▶ Instructions for the task
The output is a word-for-word repeat of the listing below, free of images.

#### Material provided ####

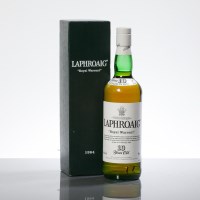 Lot 1360 - LAPHROAIG 10 YEAR OLD ''ROYAL WARRANT'' Single...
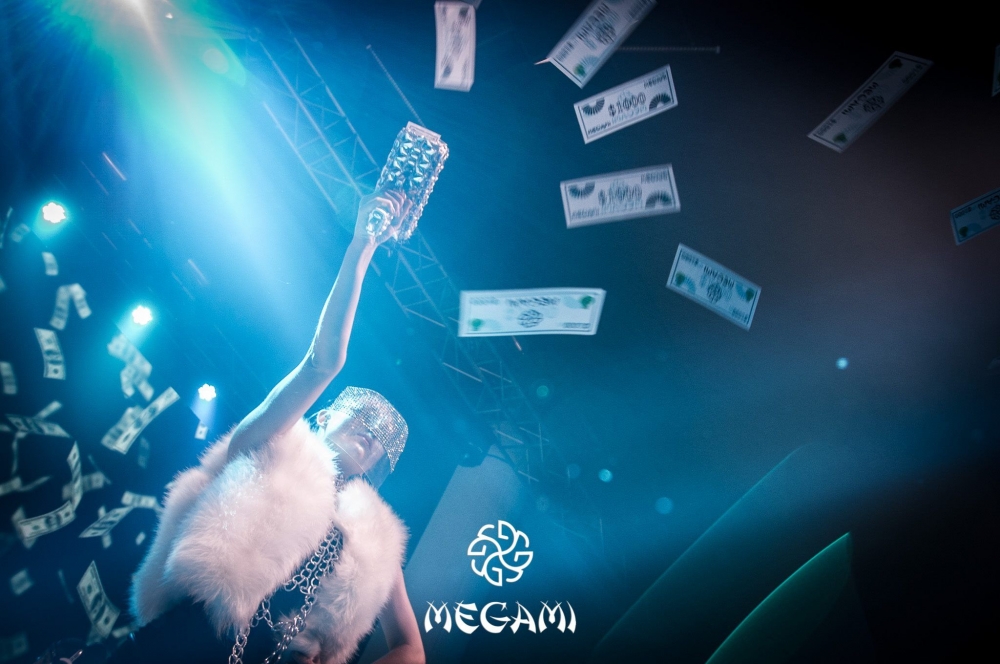 Мащабното откриване на Megami Club - Hotel Marinela взриви светския живот (СНИМКИ)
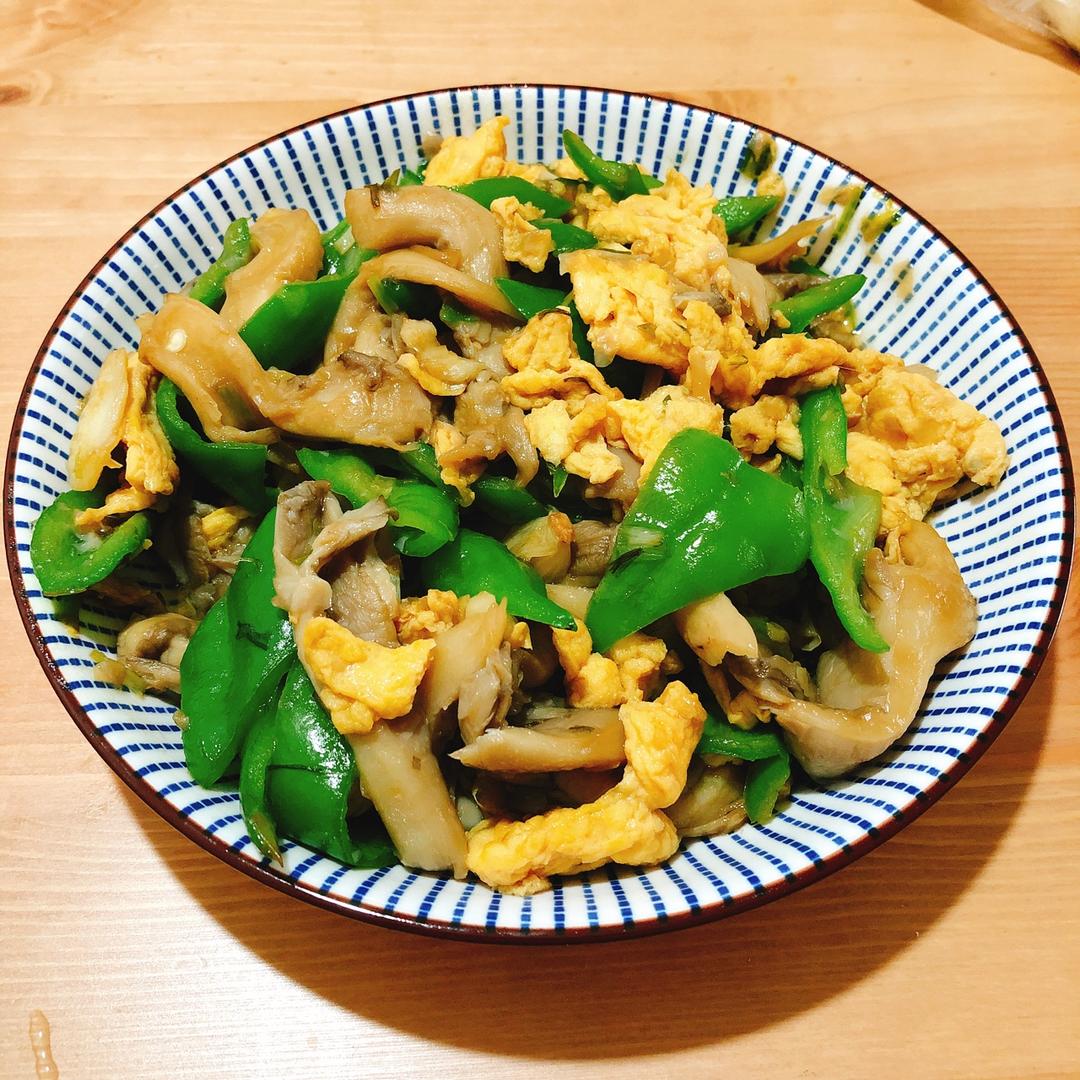 平菇青椒炒鸡蛋 好吃又营养的超快手家常菜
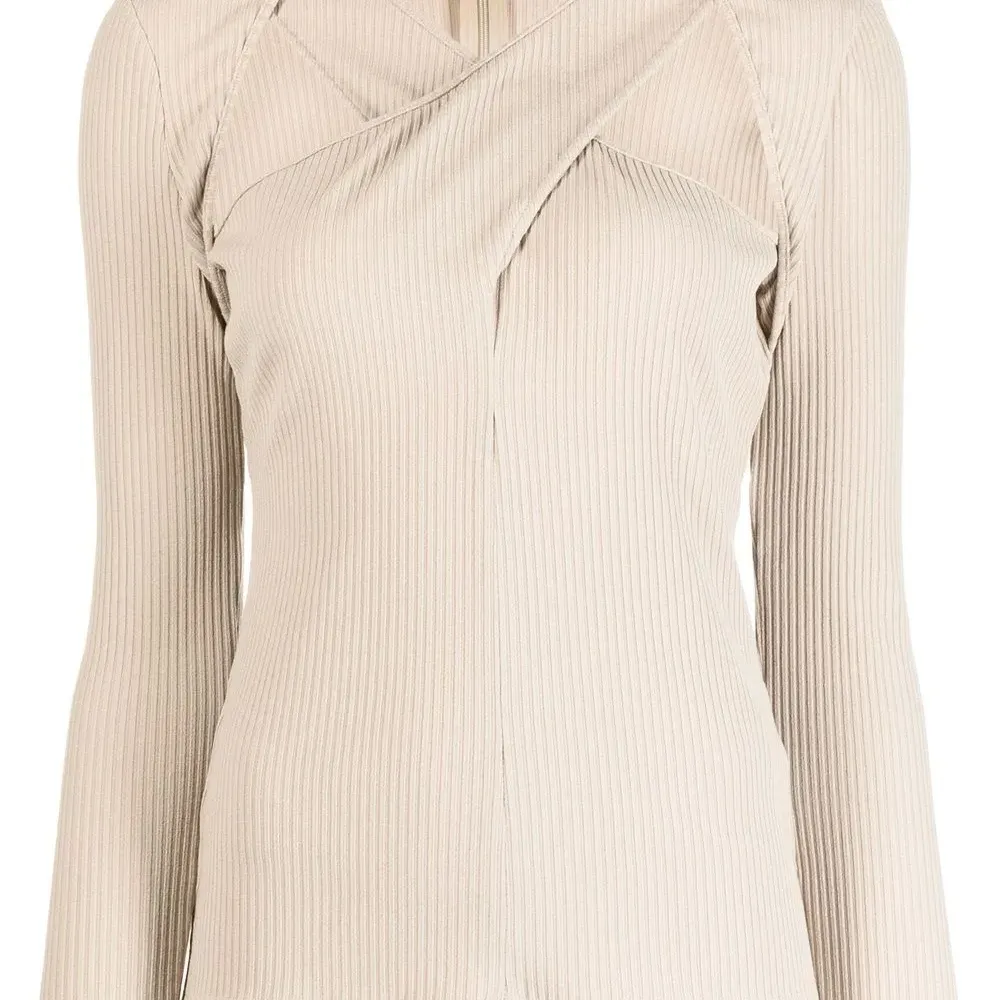 Топ с длинными рукавами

####

▶ Problem solution
 Lot 1360 - LAPHROAIG 10 YEAR OLD ''ROYAL WARRANT'' Single...
 Мащабното откриване на Megami Club - Hotel Marinela взриви светския живот (СНИМКИ)
 平菇青椒炒鸡蛋 好吃又营养的超快手家常菜
 Топ с длинными рукавами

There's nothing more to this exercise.